_The data:_
::::
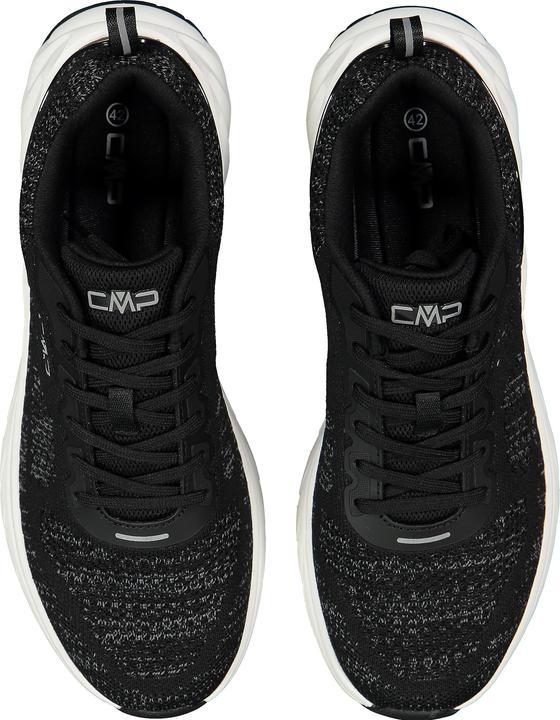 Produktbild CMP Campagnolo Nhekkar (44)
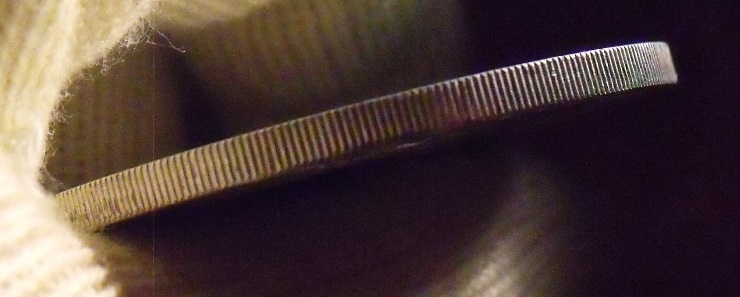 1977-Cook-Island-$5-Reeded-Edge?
::::
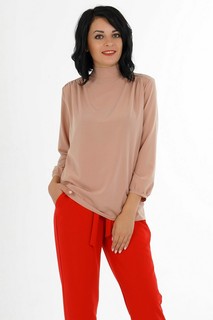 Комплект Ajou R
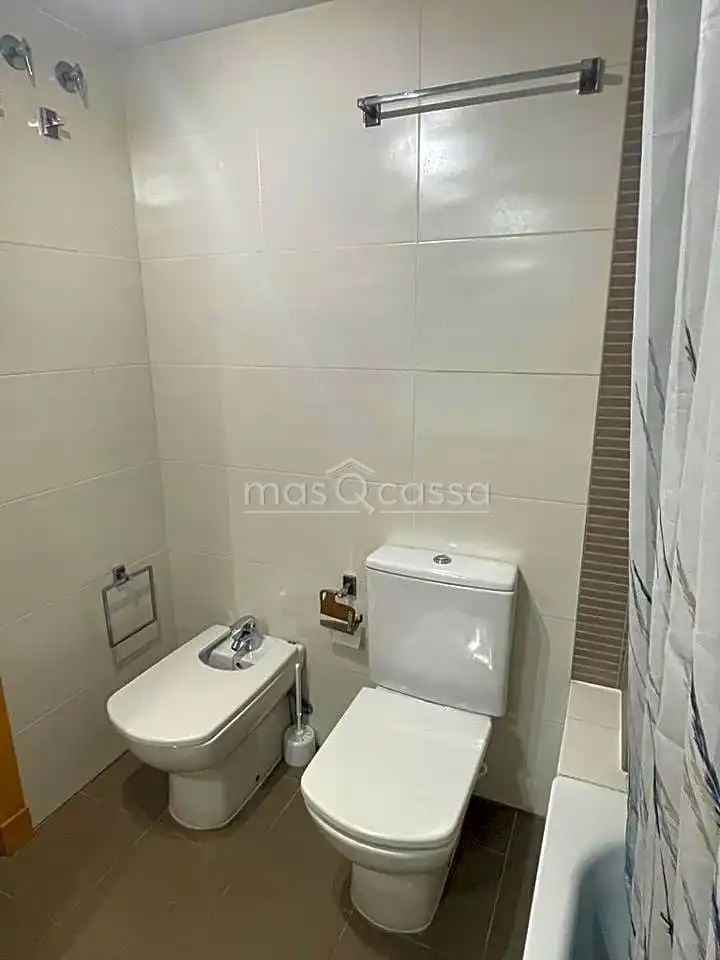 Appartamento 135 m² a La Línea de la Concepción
::::
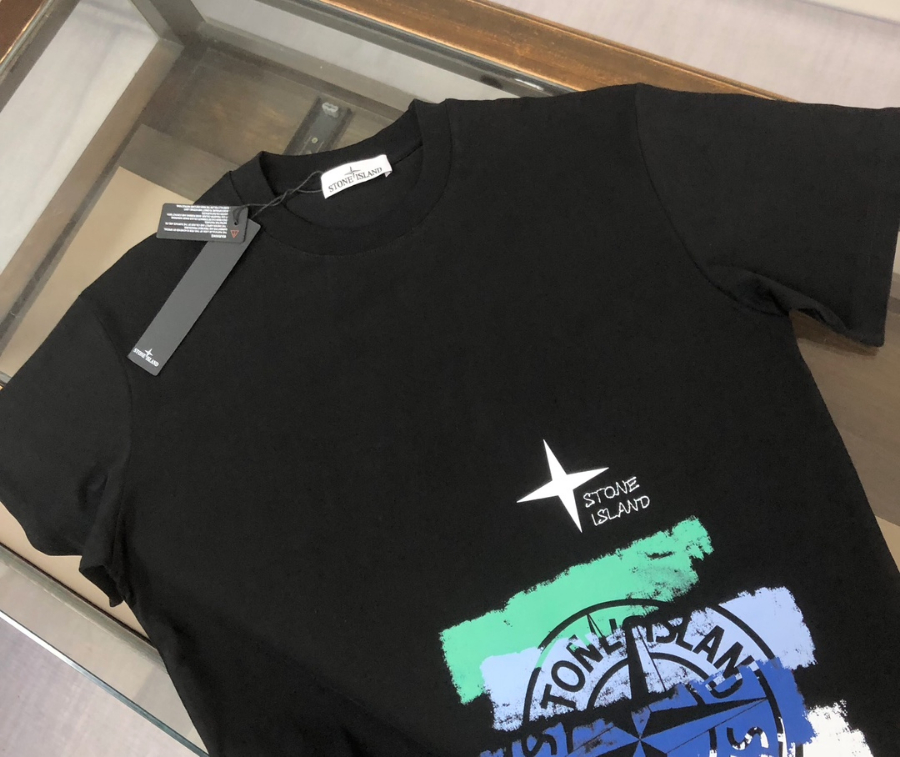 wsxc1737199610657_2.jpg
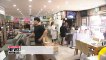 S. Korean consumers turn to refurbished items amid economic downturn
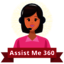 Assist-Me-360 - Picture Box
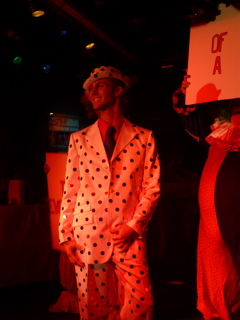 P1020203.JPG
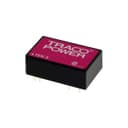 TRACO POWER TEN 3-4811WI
::::
_Exercise prompt:_
Please repeat the lines of the material above exactly, starting with the line that contains "Produktbild CMP Campagnolo Nhekkar (44)" and ending with the line that contains "1977-Cook-Island-$5-Reeded-Edge?". Leave the pictures out.

_Response to the task:_
 Produktbild CMP Campagnolo Nhekkar (44)
 1977-Cook-Island-$5-Reeded-Edge?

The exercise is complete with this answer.